# [WHAT IS EXPECTED]
Copy each line from the data that has the word "view" in it.

# [EXTRACTED INFORMATION]
· · · · ·
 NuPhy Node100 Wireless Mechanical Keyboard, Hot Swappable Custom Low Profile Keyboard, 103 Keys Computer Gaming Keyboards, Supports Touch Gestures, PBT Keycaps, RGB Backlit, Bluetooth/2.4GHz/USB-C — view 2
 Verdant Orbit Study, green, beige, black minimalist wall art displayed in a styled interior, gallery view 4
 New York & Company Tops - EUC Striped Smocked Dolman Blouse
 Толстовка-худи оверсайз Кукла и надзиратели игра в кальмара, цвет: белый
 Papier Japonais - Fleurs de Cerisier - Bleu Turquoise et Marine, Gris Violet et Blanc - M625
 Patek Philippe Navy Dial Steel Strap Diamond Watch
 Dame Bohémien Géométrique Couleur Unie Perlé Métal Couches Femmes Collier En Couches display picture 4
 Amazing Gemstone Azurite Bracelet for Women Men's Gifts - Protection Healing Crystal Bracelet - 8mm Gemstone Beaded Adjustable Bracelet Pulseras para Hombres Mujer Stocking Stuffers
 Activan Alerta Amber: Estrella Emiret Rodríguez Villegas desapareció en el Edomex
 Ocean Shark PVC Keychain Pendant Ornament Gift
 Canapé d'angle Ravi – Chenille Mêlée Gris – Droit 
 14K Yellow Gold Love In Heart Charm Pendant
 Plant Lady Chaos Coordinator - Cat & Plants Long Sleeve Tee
· · · · ·
# [RESPONSE BELOW]
 NuPhy Node100 Wireless Mechanical Keyboard, Hot Swappable Custom Low Profile Keyboard, 103 Keys Computer Gaming Keyboards, Supports Touch Gestures, PBT Keycaps, RGB Backlit, Bluetooth/2.4GHz/USB-C — view 2
 Verdant Orbit Study, green, beige, black minimalist wall art displayed in a styled interior, gallery view 4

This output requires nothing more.